A lot of founders and CEOs make the mistake of hiring yes-men marketing people, only to later find out there are critical problems with their product or service that their marketing team should’ve brought to their attention.
Guys—the job of your marketing team isn’t just ads and web design. Ideally, they should be the ones making sure your idea is market-viable, doesn’t already exist, is up to date, and is profitable.
For example, I recently worked with a company that had a brilliant idea, but the website design was out of date. We’re talking huge animations, huge fonts…I felt like a time machine had sent me back to the early 2000s when bad web design was par for the course. 2021 requires a clean design and minimal animations.
You want your business ideas to get to the user as fast as possible. They need to be good, interesting, unique, and tailored to the viewer. My client’s problem was that their website was designed in one country while being marketed to another.
I tried my best to explain this to the owners, but they wouldn’t listen.
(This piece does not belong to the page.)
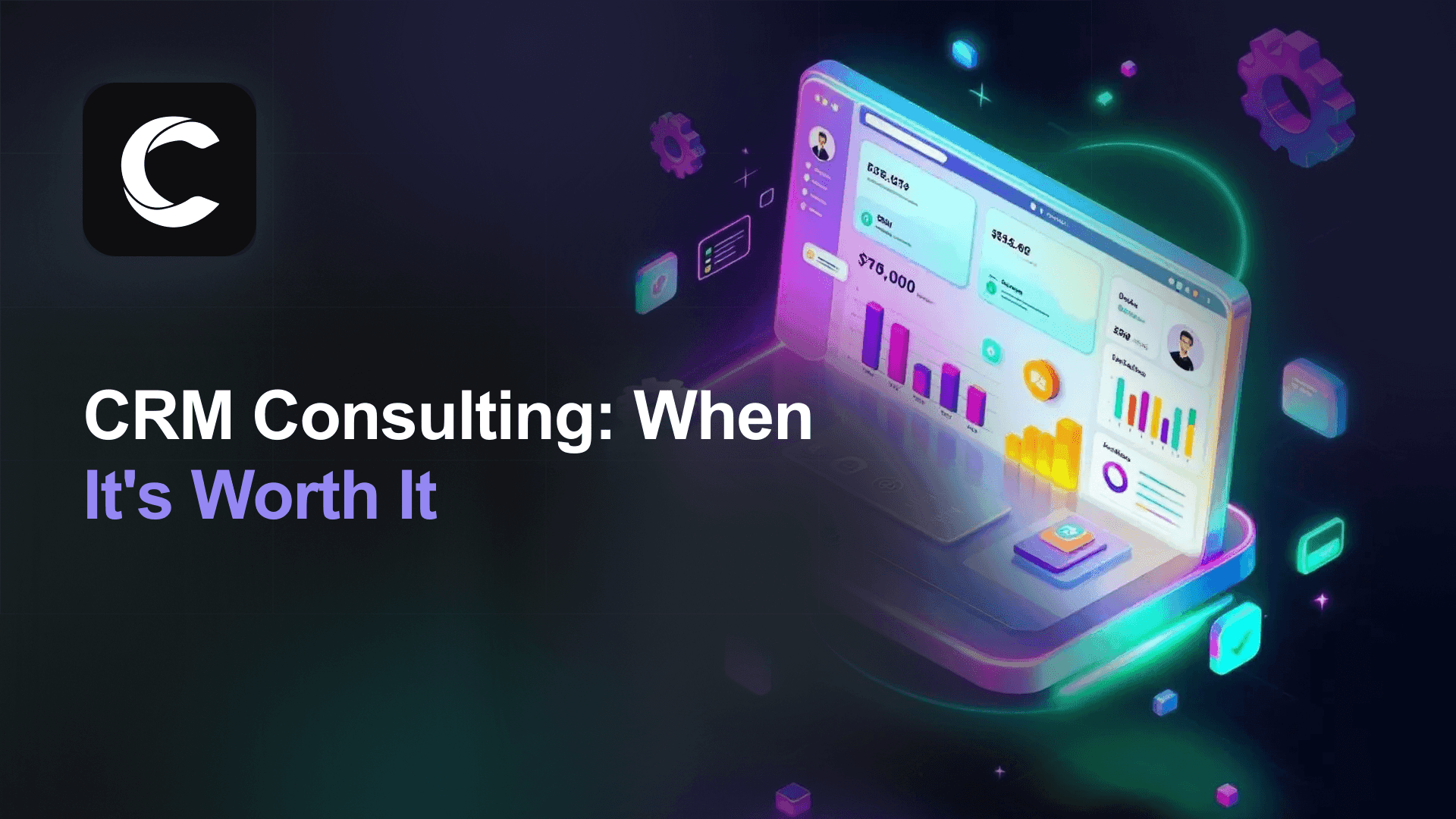 CRM Consulting 2026: When It's Worth It and When It Isn't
When the website went live, it was a huge failure. People felt the website design was shady and didn’t transmit credibility.
Later, the company changed the design, and just like that they started growing.
Another example: after making a killer video for one of the companies I worked with, the founder came in and asked, “What is this terrible music?”
I answered candidly, “You’re too old to know what your young audience listens to.” (I’m not young myself, but I keep up with the kids because it’s part of my job!)
If you as the owner or founder of a company can do the marketing yourself, then do it. If you just need someone to design and rubber-stamp your ideas without expressing theirs, just hire a designer or someone to execute everything the way you think it should be.
But if you decide to hire a marketing expert who has helped companies like yours to grow before, and if you believe their experience and past projects’ success are worthwhile, let them help you shape your ideas so they can be relevant to today’s marketing style and audience.
Don’t be a control freak founder.
Second thing: marketing is not as simple as you might think. Once, I had the owner of a company tell one of their 9-to-5 employees to follow me around and learn how I do my marketing—which was, of course, ridiculous and unproductive.
Good marketing is harder than you think, and just like you wouldn’t ask your 9-to-5 employee to follow around your lawyer to learn legal skills, you shouldn’t do that with your marketing team. If you think it takes an hour to learn how to market a product and get it to the right audience, you’re going to be very disappointed when your company crashes.
Finally: don’t try to micromanage marketing people if you have no idea what it is they do.
If your marketing person (assuming you already know they’re trustworthy) is asking you for a $5000 budget to promote your business, you can ask him what for—but don’t try to investigate every single line item. If they’re good, they know you have no idea what you’re talking about. Just give them what they need, and let them prove to you they’re good.
I’m just going to repeat what I always say: hire a marketing manager you can trust, and give them what they need to work (money, time, help, etc.). You should certainly make sure they are good—using audits, for example—but don’t hold your marketing people back and then come to ask why you’re not seeing results.